New York Times correspondent Matt Richtel has spent the last two years doing a deep dive into the youth mental health crisis—the crisis that has escalated to the point that, in December 2021, US Surgeon General Dr. Vivek Murphy issued a Surgeon General’s Advisory to highlight the urgent need to address it. In the last days of August 2022, Richtel had two articles published that immediately rose to the top of the New York Times most-read list. Neither article mentions the rapid increase in the number of teens with multiple mental health diagnoses identifying as transgender—but, for parents and professionals concerned about this population of kids, the relevance is easy to see.
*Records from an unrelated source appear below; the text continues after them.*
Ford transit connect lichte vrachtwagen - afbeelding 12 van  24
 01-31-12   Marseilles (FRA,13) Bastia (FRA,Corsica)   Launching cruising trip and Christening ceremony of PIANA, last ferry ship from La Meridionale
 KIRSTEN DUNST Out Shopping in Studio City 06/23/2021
“‘The Best Tool We Have’ for Self-Harming and Suicidal Teens” raises even more concerns about doctors, therapists, and even the US Department of Health and Human Services is telling parents that affirmation and gender affirming medical treatments are crucial to the mental health of highly distressed gender confused and dysphoric teens. This becomes especially relevant as many doctors and psychologists involved in youth gender medicine reject the idea that children and adolescents should be required to have psychological assessments and treatment before being socially or medically transitioned. They often describe a youth’s ability to access trans healthcare without any “gatekeeping” as “a matter of life or death” and frequently cite “shocking rates” of attempted suicide among trans adolescents as their justification for immediate “gender affirming” medical intervention.
Richtel’s article introduces the reader to an adaptation of cognitive behavioral therapy developed for people who feel their emotions very intensely called Dialectal Behavior Therapy, or DBT. According to the Cleveland Clinic, “DBT focuses on helping people accept the reality of their lives and their behaviors, as well as helping them learn to change their lives, including their unhelpful behaviors.” It is one of the most successful treatments available for adolescents who are suicidal or who self-harm.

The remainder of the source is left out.